Overview of LDAP with Amazon EMR
Lightweight Directory Access Protocol (LDAP) is a software protocol that network
administrators use to manage and control access to data by authenticating users within a
company’s network. The LDAP protocol stores information in a hierarchical, tree
directory structure. For more information, see Basic LDAP Concepts
Within a company’s network, many applications might use the LDAP protocol to authenticate users. With the Amazon EMR LDAP integration, EMR clusters can natively use the same LDAP protocol with an added security configuration.
There are two major implementations of the LDAP protocol that Amazon EMR supports: Active Directory and OpenLDAP. While other implementations are possible, most fit the same authentication protocols as Active Directory or OpenLDAP.
Active Directory (AD)
Active Directory (AD) is a directory service from Microsoft for Windows domain
networks. AD is included on most Windows Server operating systems, and can
communicate with clients over the LDAP and LDAPS protocols. For authentication,
Amazon EMR attempts a user-bind with your AD instance with the User Principal Name (UPN)

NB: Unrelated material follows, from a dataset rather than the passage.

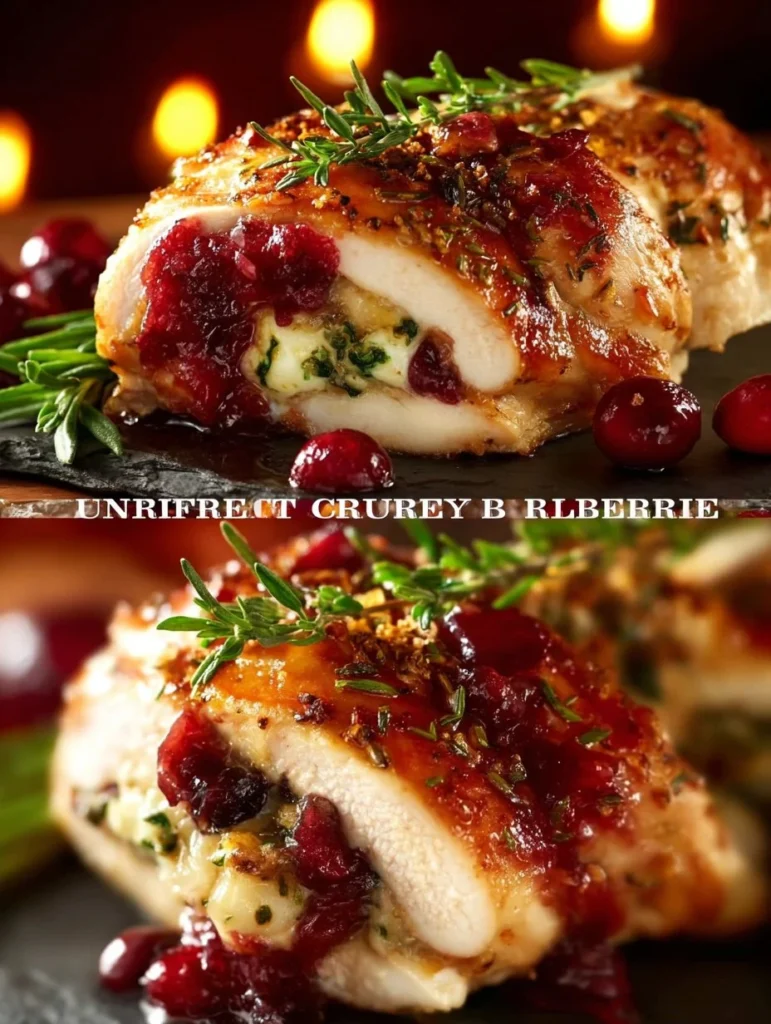 Cranberry brie stuffed chicken served on a plate with herbs and side dishes.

as the distinguished name and password. The UPN uses the standard format
username@domain_name.
OpenLDAP
OpenLDAP is a free, open-source implementation of the LDAP protocol. For
authentication, Amazon EMR attempts a user-bind with your OpenLDAP instance with the
fully qualified domain name (FQDN) as the distinguished name and password. The FQDN
uses the standard format
username_attribute=username,LDAP_user_search_base. Commonly, the
username_attribute value is uid, and the
LDAP_user_search_base value contains the attributes of the tree
that leads to the user. For example,
ou=People,dc=example,dc=com.
Other free and open-source implementations of the LDAP protocol typically follow a similar FQDN as OpenLDAP for the distinguished names of their users.